Note: I'm on a linux host so the file paths are different, and using PS Core 7 in my testing as a mention. Also: Do you own code testing and validation of course, and feel free to use the below code at your own risk.

So to start with here's the original PS code from the link, which catches empty directories but would not catch a directory that has a single ".DS_Store" hidden file in it for example.
(gci “C:\dotnet-helpers\TEMP Folder” -r | ? {$_.PSIsContainer -eq $True}) | ?{$_.GetFileSystemInfos().Count -eq 0} | remove-item
The catch is that by default get-childitem (gci) doesn't return hidden files, which we don't care about initially perhaps, but later in the code you run a given directory through .getfilesysteminfos().count. When you use that getfilesystemsinfos().count it'll return the count of ALL files in the directory, which includes hidden files, which then would cause those directories found initially that are containing remnants or hidden .DS_store files to not be cleaned up/deleted. This is a problem if you have .DS_store files in every otherwise empty directory. The solution is to use the force.

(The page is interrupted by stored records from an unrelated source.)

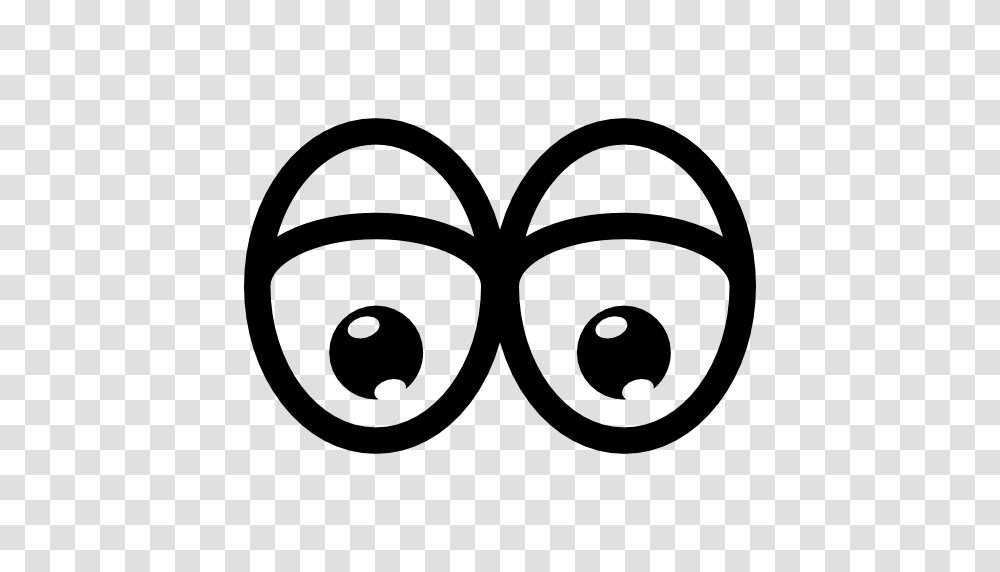 Tired Cartoon Eyes, Label, Stencil, Sticker Transparent Png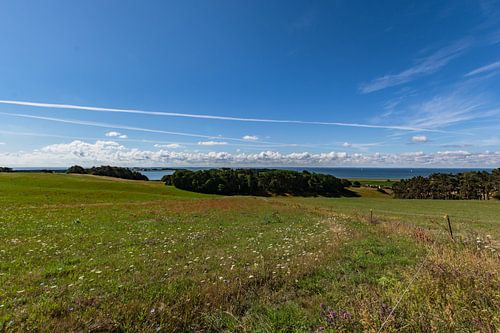 Groß Zicker, vue sur le Klein Zicker, le lac Zicker et la mer Baltique, Ruegen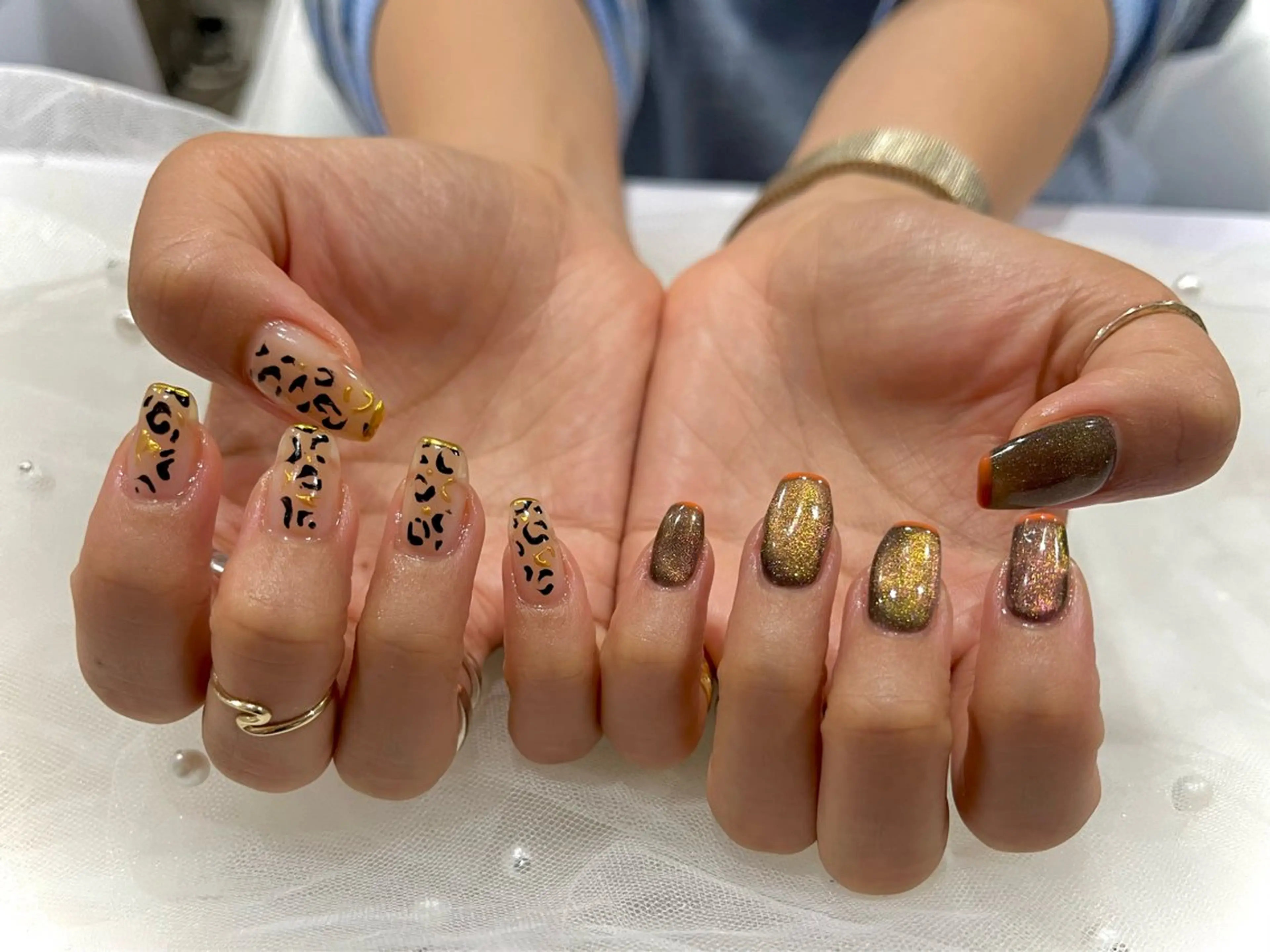 ネイル アニマル柄 マグネットネイル Nail salon Cielel⟡Ayaのネイルデザイン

"Don't underestimate the force" -Darth Vader
To begin with I just refactored the code into two lines to make it easier to read and work with later. I also updated it to catch the hidden files in the first gci by using the -force parameter. So after the first gci using -force it uses the list of all directories found, and will look through each directory returned to count and remove only directories with no files whatsoever, hidden or not. This is the same end-result as the first snippet, we're just using a second gci instead of the .getfilesysteminfos().count so we can have flexibility in the following examples. (you can remove the whatif to really delete directories, and add a -confirm:$false to not prompt if desired)

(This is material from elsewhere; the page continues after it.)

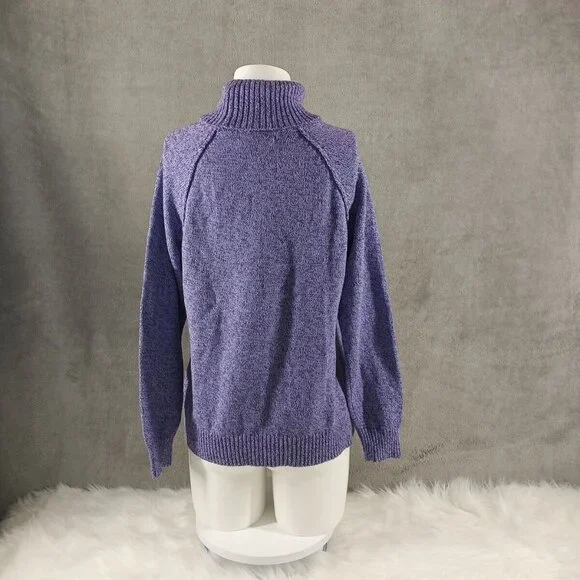 NWT KAREN SCOTT Fall Cozy Turtleneck Sweater MEDIUM(8-10)Lavender 100% Cotton - Picture 10 of 15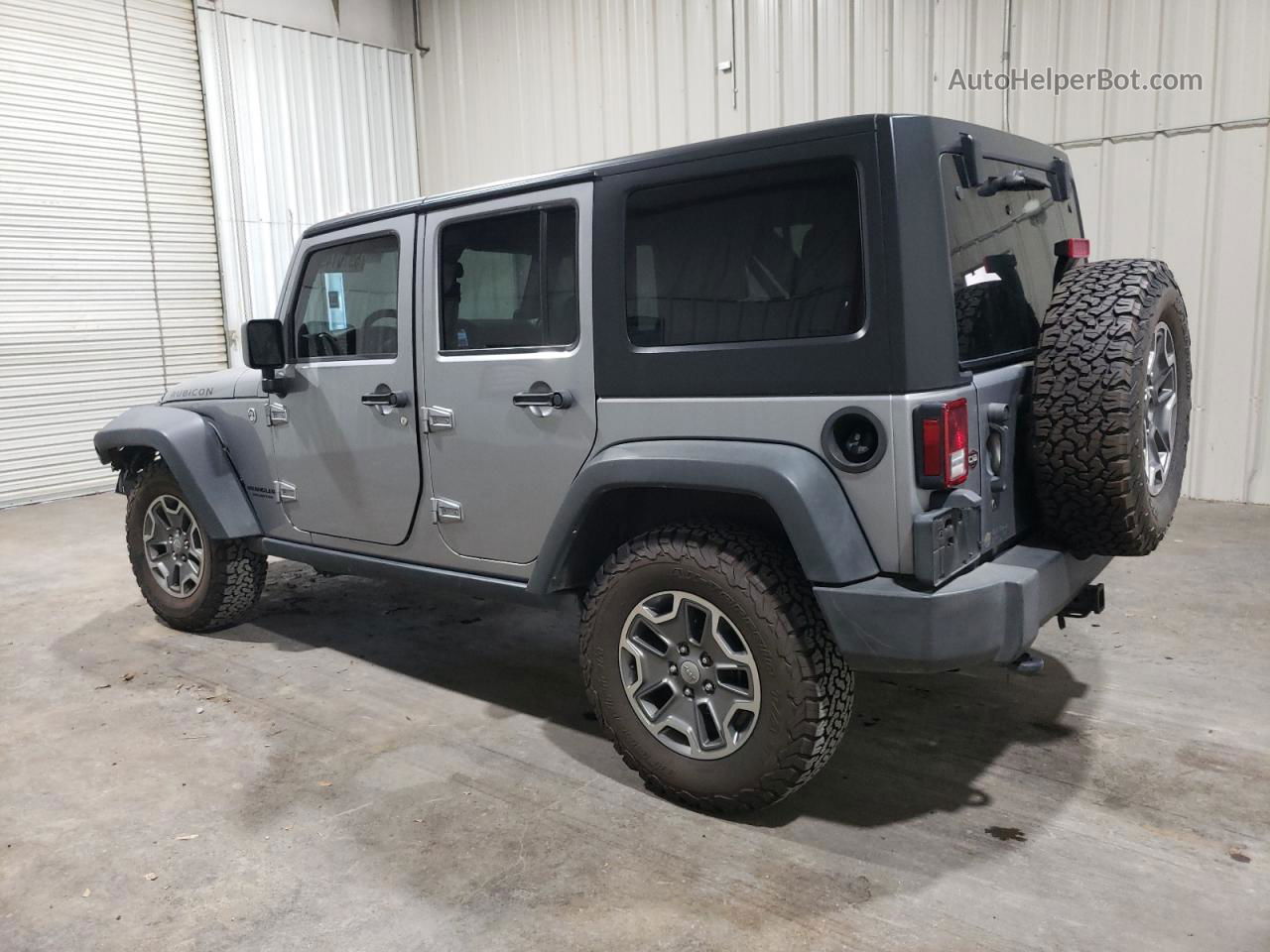 2014 Jeep Wrangler Unlimited Rubicon Silver vin: 1C4HJWFG4EL284570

Delete only completely empty directories:
$dirs = gci "/home/dandill/test" -r -Force | ? {$_.PSIsContainer -eq $True} foreach ($d in $dirs){if((gci $d -force).count -eq 0){$d | remove-item -whatif}}
Then if we want to remove the directories without any regular files but that still contain hidden files we can do that like so. (note the lack of a -force on the second line, which then doesn't count hidden files in the logic to evaluate a directory on if it's considered 'empty')

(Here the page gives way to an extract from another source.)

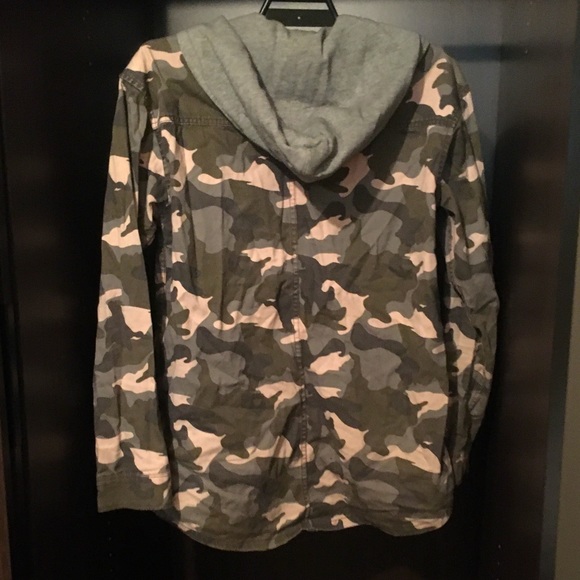 Light Camo Drawstring Jacket - Picture 3 of 3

Delete all directories with no regular files, and still delete them if they have any hidden files:
$dirs = gci "/home/dandill/test" -r -Force | ? {$_.PSIsContainer -eq $True} foreach ($d in $dirs){if((gci $d).count -eq 0){$d | remove-item -whatif}}
Lastly, if we had a bunch of empty directories, some with only hidden files named ".DS_Store" in them we could also delete those by specifically excluding them in the second gci with the -exclude parameter. Basically saying to look for all files in directories, but to not look at .DS_Store files for the second gci, and if you come up with zero results from that, then delete that directory.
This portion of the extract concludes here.